Start at the line in the entries below that contains "GMBN team kit", stop at the line that contains "站前借卵代生机构｜借卵生子的费用是多少", and output exactly the lines in that span, both ends included.

→ **DATA EXCERPTS**

Segment Open

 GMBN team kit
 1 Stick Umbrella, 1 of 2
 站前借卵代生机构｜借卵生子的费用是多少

Segment Closed
Segment Open

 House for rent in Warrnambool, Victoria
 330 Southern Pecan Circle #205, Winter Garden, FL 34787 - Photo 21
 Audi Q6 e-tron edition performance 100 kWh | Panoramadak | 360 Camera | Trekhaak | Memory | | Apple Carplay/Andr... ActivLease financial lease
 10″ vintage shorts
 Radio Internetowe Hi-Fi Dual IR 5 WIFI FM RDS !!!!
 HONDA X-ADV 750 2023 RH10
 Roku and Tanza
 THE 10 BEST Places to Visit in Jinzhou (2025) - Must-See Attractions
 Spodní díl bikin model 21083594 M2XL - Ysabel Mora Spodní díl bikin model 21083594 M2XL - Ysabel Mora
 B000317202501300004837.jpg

Segment Closed
Segment Open

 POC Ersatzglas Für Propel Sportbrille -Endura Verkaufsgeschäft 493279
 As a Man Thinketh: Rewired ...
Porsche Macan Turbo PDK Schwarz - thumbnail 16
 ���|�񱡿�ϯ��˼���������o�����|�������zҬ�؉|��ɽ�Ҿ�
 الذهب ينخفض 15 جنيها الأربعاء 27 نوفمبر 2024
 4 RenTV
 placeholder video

Segment Closed

→ **ANSWER**
 GMBN team kit
 1 Stick Umbrella, 1 of 2
 站前借卵代生机构｜借卵生子的费用是多少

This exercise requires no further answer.